What They Created | Teen Ink

What They Created

November 20, 2013
By Anonymous

Knee deep in grass on a beautiful sunny day with the dew just starting to burn off, the young girl walked. She did not see the grass, or the trees, or the hills. She saw the people around her, and not around her. She could not remember a time when there had been people like these; she knew it had existed, but she could not remember it. Well that was not true either, but she refused to believe that the things she saw had been people too, they were too much like monsters. She had read about the people she wanted to meet; they were not like the monsters who hurt her and the others.

Well, she had stopped them from hurting her. Now they just hurt others. She looked down at herself, there were scars slicing across her skin in lines, splashes, and waves. Some were from cuts, some were from burns, and some were teeth marks from where her own teeth had tried to remove the pain. They had not removed the pain; instead they served as reminders that the pain did not go away and neither did the marks.
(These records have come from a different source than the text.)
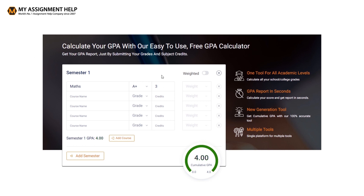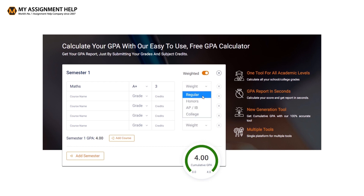Usually, the credit hours vary depending on your institution and the academic level you are at. You can also enable the option for course weight given in the tool and choose the weight for each course separately, or leave it as it is.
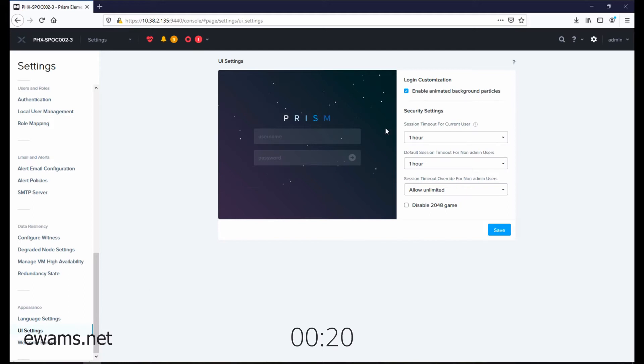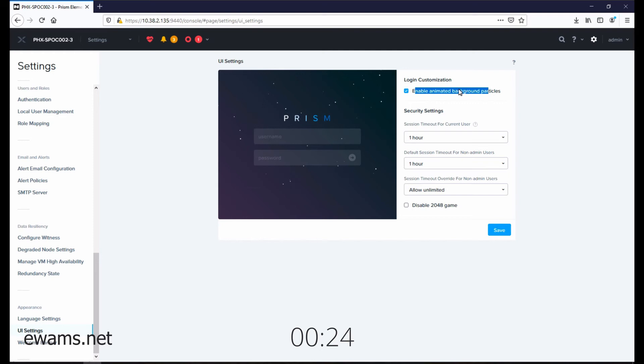In the UI settings window, there's a checkbox to enable animated background particles. You can check it to enable or uncheck it to disable.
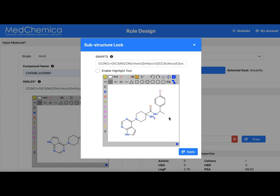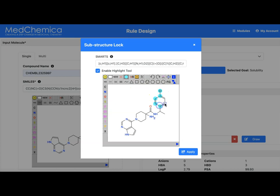We need to lock out the part of the molecule that we don't want to change. We have a helper tool here to help us do this. We enable the highlight tool and highlight the bits of the molecule that we want to change simply by clicking the atoms we are wanting to change. We don't have a lasso; we have this highlighting tool instead, which is quick and precise to use unlike sometimes the lasso tool.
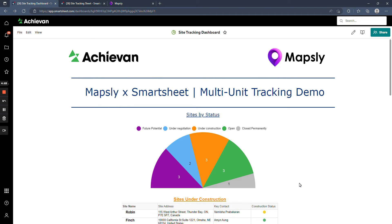If you have a multi-unit business, what this integration lets you do is see the location information on a map view while managing the data in Smartsheet. So as you grow your location footprint, Smartsheet will help you manage your real estate portfolio and construction progress using Smartsheet's project management features.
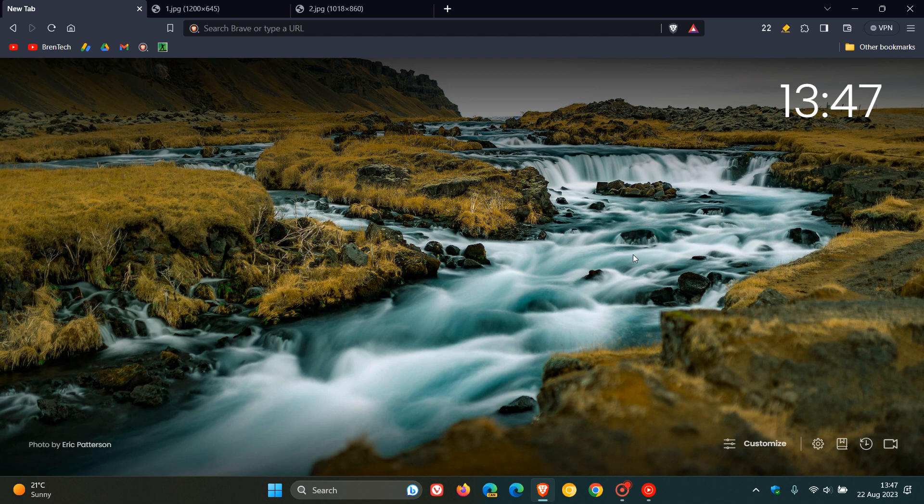So this is obviously Brave now taking on the likes of Microsoft Edge's Bing Chat and Google Chrome's BARD. And it's going to be an Artificial Intelligent Assistant called Leo.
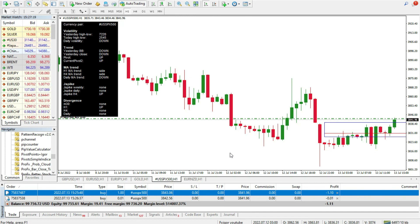Please visit our website — the link is below this video — where you can download the pip counter indicator and check other videos. I wish you a great day, bye-bye.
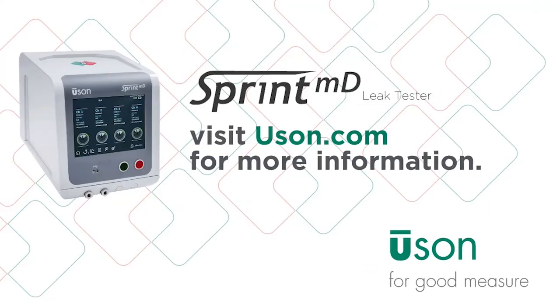Please visit our website at uson.com where we have a new technical resource section which covers all of our new test methods.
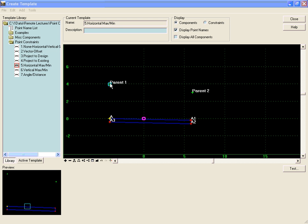The vertical maximum and minimum constraints work the same as the horizontal but in a vertical axis.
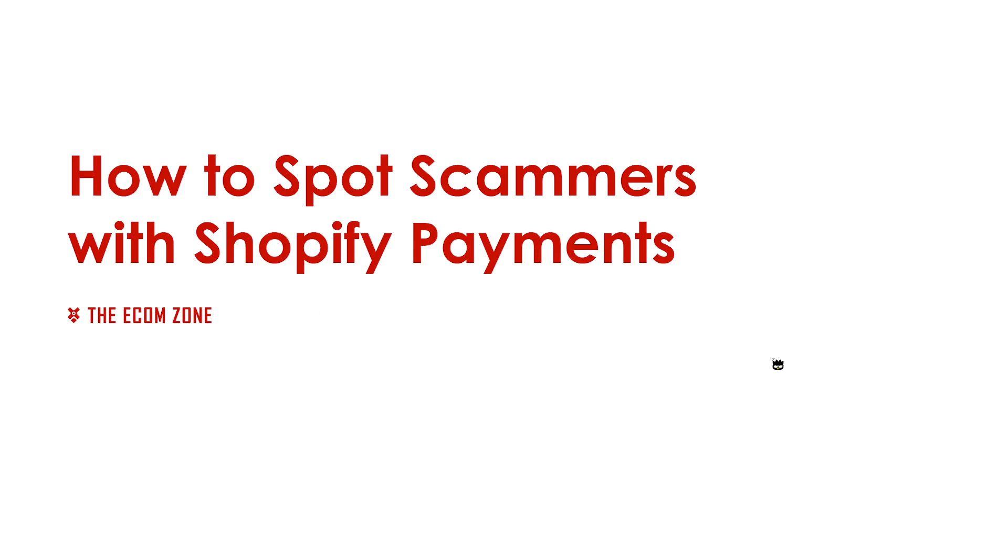What's up guys, it's the EcomZone here. In this video I'm going to quickly show you how you can spot scammers with Shopify payments. Now this is the second time I'm recording this because in my first video I made a mistake in steps 5 and 6, which I have now corrected.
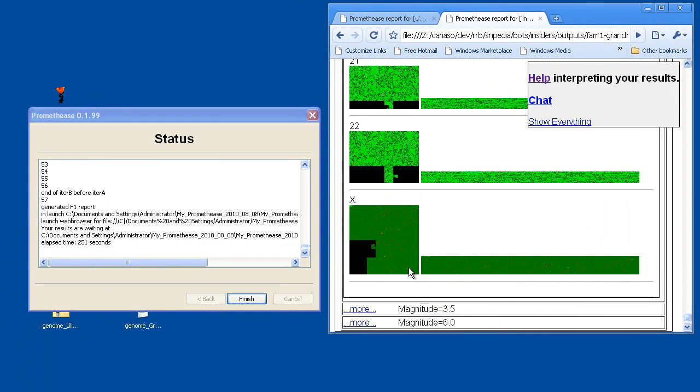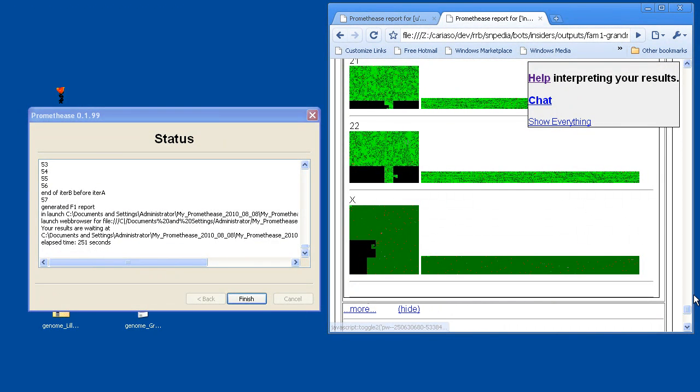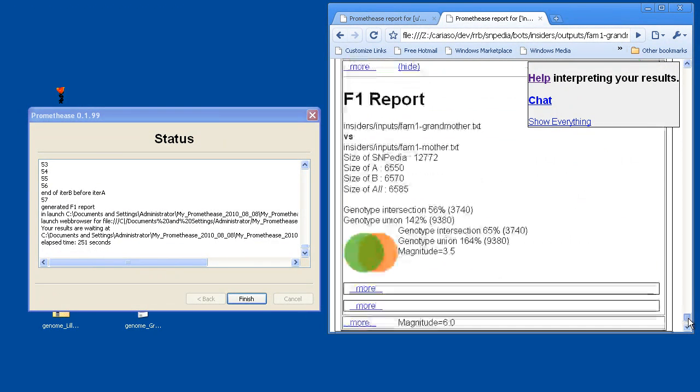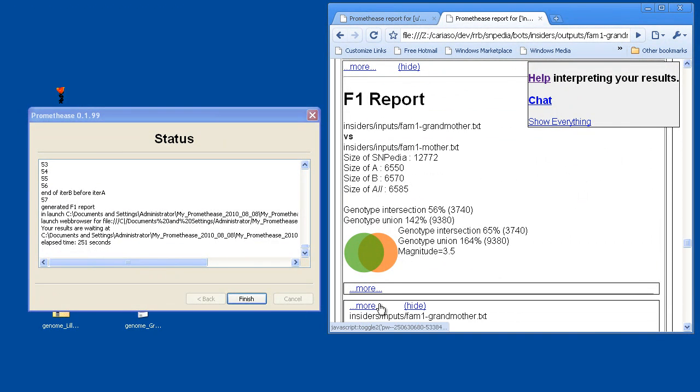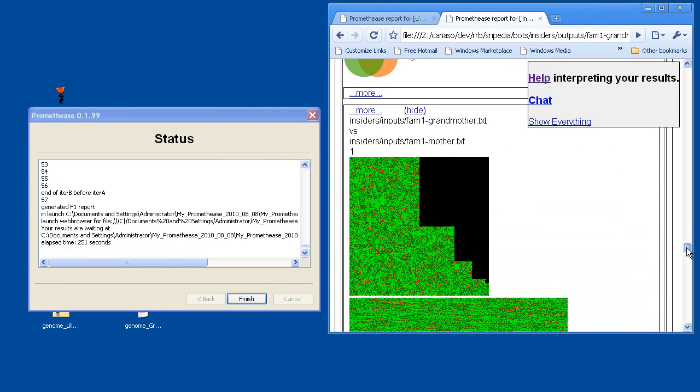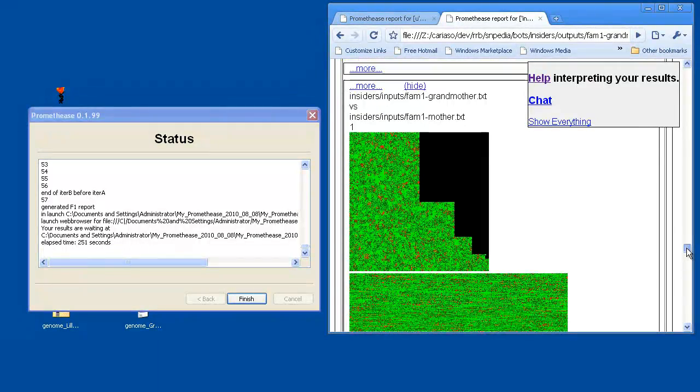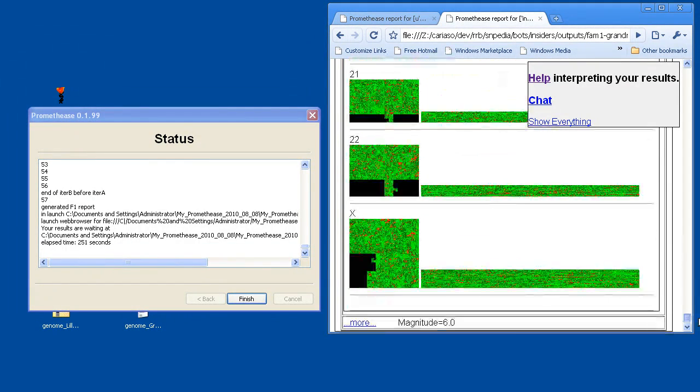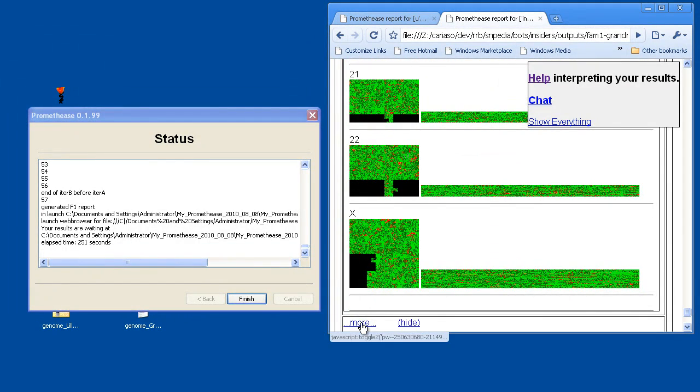You'll notice on the X chromosome, it's a different look due to the son only having one X chromosome, the grandmother having two. And then expanding now, the relationship between the grandmother and her daughter-in-law. Again, a sprinkling of red. There's no strong family-relatedness here.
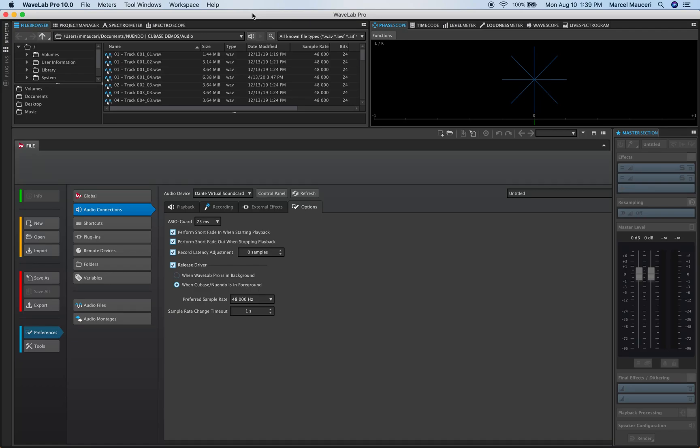Let's take a look at custom layout, workspace, setting and preferences in WaveLab Pro 10.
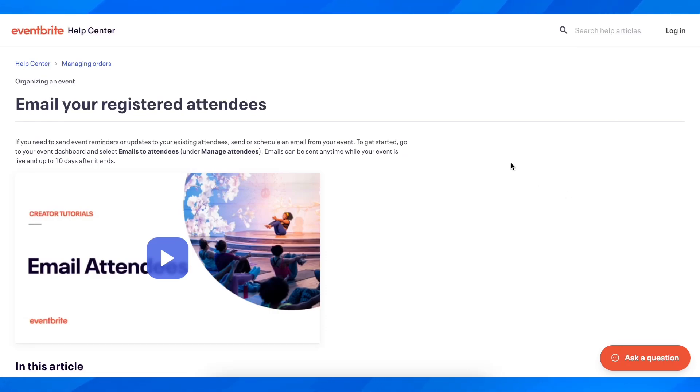Hi everyone, in today's video I'm going to explain how to send mass email Eventbrite to past attendees.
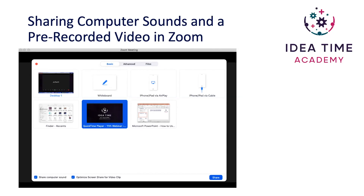I hope you enjoyed learning all about what you can do with sharing screen, annotation, and whiteboards in Zoom. I'll see you in my next video.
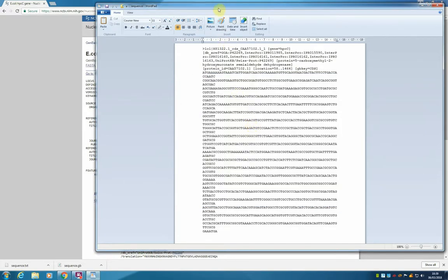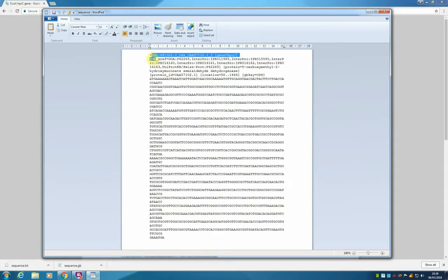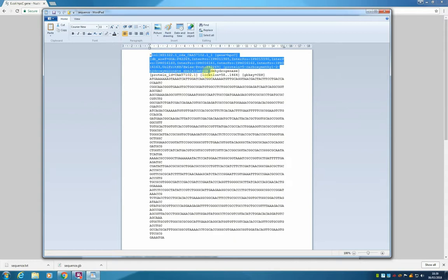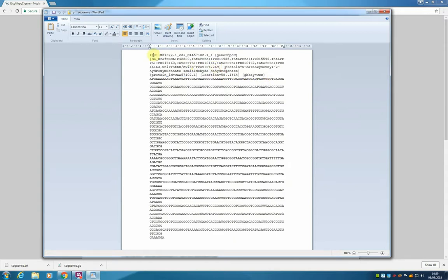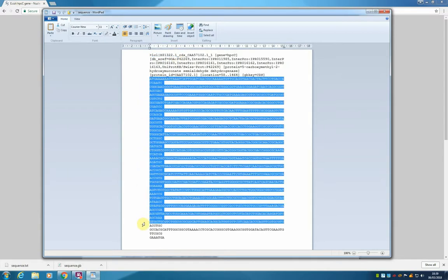And this is the FASTA sequence. The first line has a more than symbol, followed by the name of the entry, which is quite long in this case. It could be just as small as the accession number. And then, all the sequence that follows.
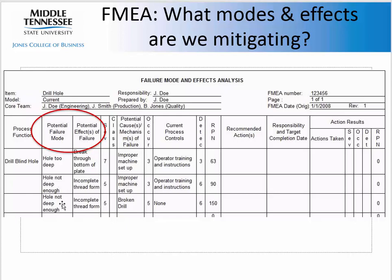You could also have the hole not deep enough. If it's not deep enough, you may not have sufficient depth to get enough threads formed when you're tapping it. There are different causes of the hole not being deep enough.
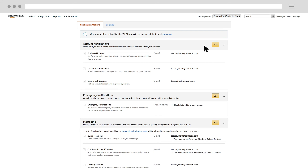In addition to the notification preference settings on this page, there is an email address setting on another page that you should also keep up to date: your Customer Service email address. The Customer Service email address is provided to your customers in the notifications they receive after they have placed an order with you.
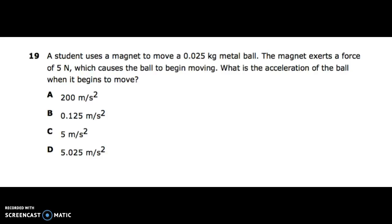Number nineteen: a student uses a magnet to move a 0.025 kilogram metal ball. The magnet exerts a force of 5 newtons, which causes the ball to begin moving. What is the acceleration of the ball when it begins to move?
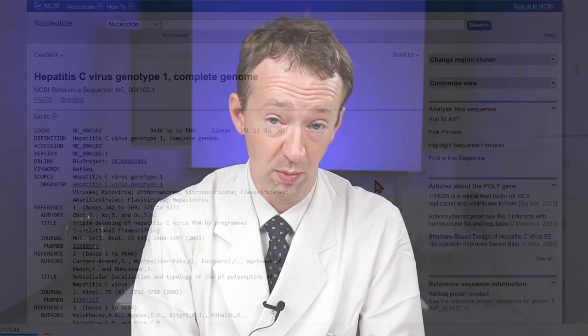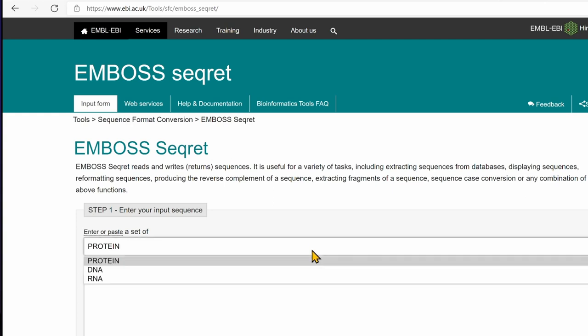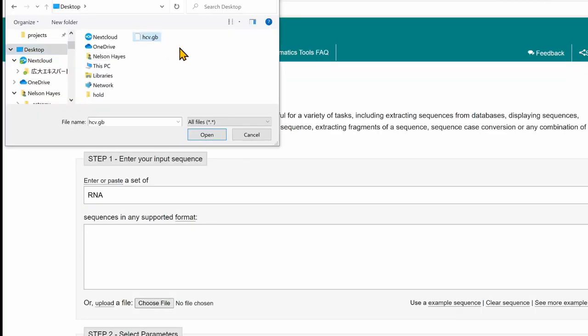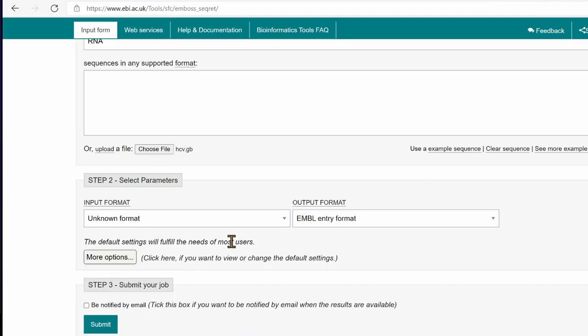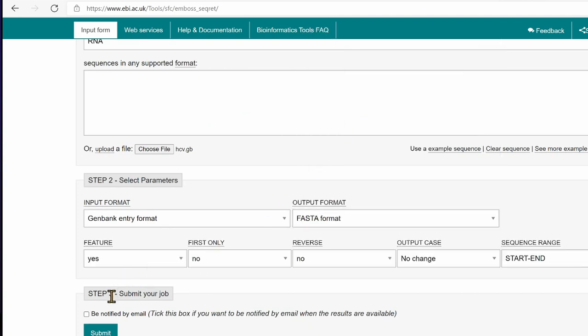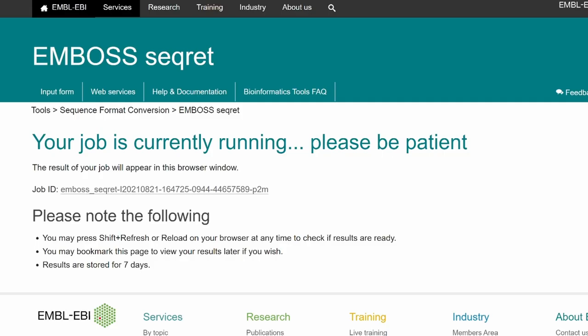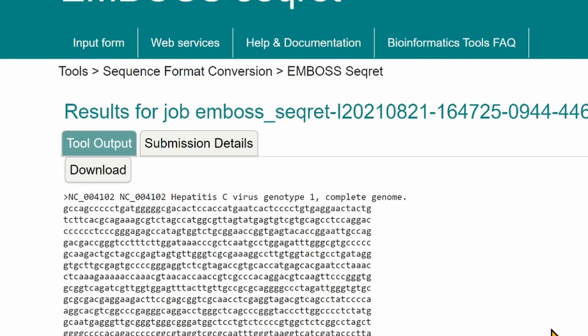But what if you already have the sequence but it's in the wrong format? Let's say we only have the GenBank file available. There are a few options, but the simplest approach is probably to use the EMBOSS Seqret web tool on the EMBL-EBI website. Here you select the sequence type — in this case RNA — and then choose the GenBank file to upload. We select GenBank entry format for input and FASTA format for the output. There are some other settings under more options, but the defaults should be fine for most purposes. Then click submit and wait for the job to run. When it finishes, you can download the file. Here you can see that the accession is listed twice on the description line, so you might have to make some small adjustments, but overall this tool is very powerful and easy to use.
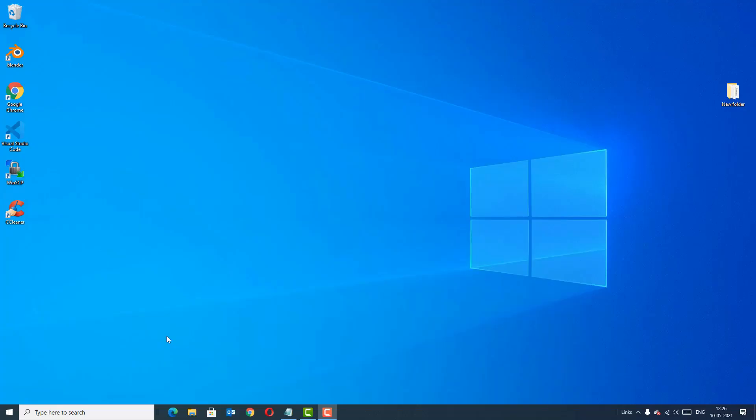Hi guys, my name is Ramesh and welcome to Easy Classes. In this quick tutorial I want to show you how you can take your Windows 10 screenshot by using three simple methods. Let's begin the tutorial.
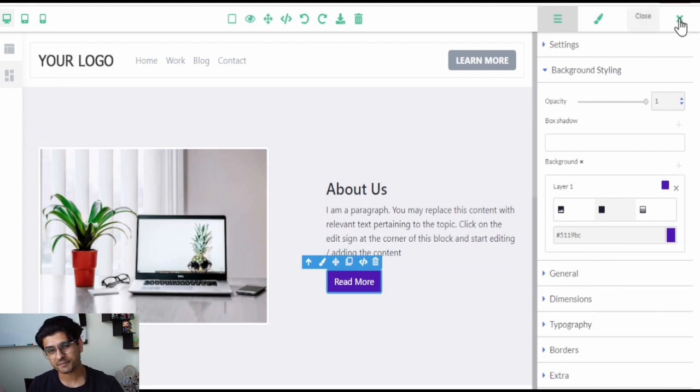And that's how you can change the background color of any button on your banner website. Thank you so much for watching this video.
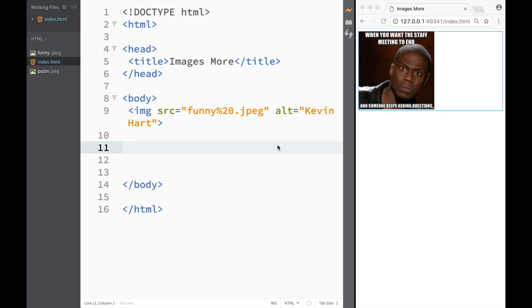What is going on guys and welcome to HTML and Brackets tutorial. In this video we're gonna look at how we can use attributes width and height to manipulate images so they would appear side by side.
She could feel the wires in her hand under the skin, the things her teeth had tried to remove. They no longer pulsed with electricity; instead, they sat there keeping her from opening her hand or clinching it. The wires were all over her like a second set of veins. They hurt and they throbbed. They would, at times, cut if she stretched to far. The healing hurt worse than the injury. She no longer raised an arm or a leg higher than necessary, because the wire would hurt. She wasn’t sure why she cared. She could no longer feel pain the same way most people felt it, or the way most people who had not already been truly pained, felt it. She felt pain but it failed to truly hurt her, until it became overwhelming, until every nerve ending in her body was in pain at the highest level.

She kept walking; the images of the perfect people walking around her, talking to her. She did not talk back; these people were not real, just looked like it. She had dreamed of people at night for a time; but she also did at day now. They were what people should be, and they were always with her. Passing her in the meadow or sitting by a stream, they would call to her; but she didn't answer. They were not there; she knew that, and so, she kept walking.

She came to a village; there were more strangers here. People, good people; but not real people. She walked through the town finally sitting on the grass and watching the people. They would try to talk to her, she did not answer for fear they might disappear, as so many others had.

Inside a small shop, a man looked out at her and looked at his friend, “Who is that? She won't talk, she won't move, she just sits watching.” “She is one of the lost children. A child who endured torture, and starvation, and ‘changing’ by the others. She was lost in the wood for years. She saw people in her minds eye so long that she can no longer tell if we are real or not.” “What will happen to her?” “She will go on and leave after a week, or so sitting there, and will walk to another town or into the woods or off a cliff. These children do not feel pain or fear; and they are dying by the hundreds as they starve to death, because they can not feel hunger, or do not care. These children, the others have created, they are often known as the “Traveling Lost.” The man looked at his friend, “Is there nothing that we can do to help?” “You can kill them,” his friend replied. The man nodded and stood walking over to the girl on the ground. She sat looking at him no fear in her eyes, no emotion. There were marks all over her; but they did not seem to bother her. He looked down at the girl and said “I hope this will not hurt.” and with that, he drew his knife across her scarred throat. As he did, he cut the cables restraining all her body. Able to move fully again, she fell to the ground, sprawled, finally able to do so and finally she knew he was real.